Web page caption snippets
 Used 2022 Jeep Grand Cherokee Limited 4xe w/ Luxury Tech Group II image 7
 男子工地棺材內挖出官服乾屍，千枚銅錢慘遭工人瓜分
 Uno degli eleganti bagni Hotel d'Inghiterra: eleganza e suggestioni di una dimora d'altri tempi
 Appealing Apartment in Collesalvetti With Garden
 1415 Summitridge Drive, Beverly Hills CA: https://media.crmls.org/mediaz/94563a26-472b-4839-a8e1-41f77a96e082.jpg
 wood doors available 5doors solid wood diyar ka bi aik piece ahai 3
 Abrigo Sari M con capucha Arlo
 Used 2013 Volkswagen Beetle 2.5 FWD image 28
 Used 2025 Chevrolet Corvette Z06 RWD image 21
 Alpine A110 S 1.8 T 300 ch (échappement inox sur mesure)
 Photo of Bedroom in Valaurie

Exercise goal: Word for word, repeat every entry listed above.

Exercise output:
 Used 2022 Jeep Grand Cherokee Limited 4xe w/ Luxury Tech Group II image 7
 男子工地棺材內挖出官服乾屍，千枚銅錢慘遭工人瓜分
 Uno degli eleganti bagni Hotel d'Inghiterra: eleganza e suggestioni di una dimora d'altri tempi
 Appealing Apartment in Collesalvetti With Garden
 1415 Summitridge Drive, Beverly Hills CA: https://media.crmls.org/mediaz/94563a26-472b-4839-a8e1-41f77a96e082.jpg
 wood doors available 5doors solid wood diyar ka bi aik piece ahai 3
 Abrigo Sari M con capucha Arlo
 Used 2013 Volkswagen Beetle 2.5 FWD image 28
 Used 2025 Chevrolet Corvette Z06 RWD image 21
 Alpine A110 S 1.8 T 300 ch (échappement inox sur mesure)
 Photo of Bedroom in Valaurie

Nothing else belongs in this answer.